Retype, word for word, every line from the one holding "Balle De Softball" through the one holding "WENYAZIGUO Vélo de" in the entries below, both included, and only those lines.
(Beginning of Records provided)
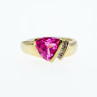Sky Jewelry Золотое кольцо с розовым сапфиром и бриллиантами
(End of Records provided)
(Beginning of Records provided)
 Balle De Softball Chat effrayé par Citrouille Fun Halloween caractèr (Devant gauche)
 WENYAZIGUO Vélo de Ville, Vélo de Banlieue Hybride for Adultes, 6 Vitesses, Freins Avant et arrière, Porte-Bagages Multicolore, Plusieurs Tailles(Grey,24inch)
(End of Records provided)
> _Written answer_:
 Balle De Softball Chat effrayé par Citrouille Fun Halloween caractèr (Devant gauche)
 WENYAZIGUO Vélo de Ville, Vélo de Banlieue Hybride for Adultes, 6 Vitesses, Freins Avant et arrière, Porte-Bagages Multicolore, Plusieurs Tailles(Grey,24inch)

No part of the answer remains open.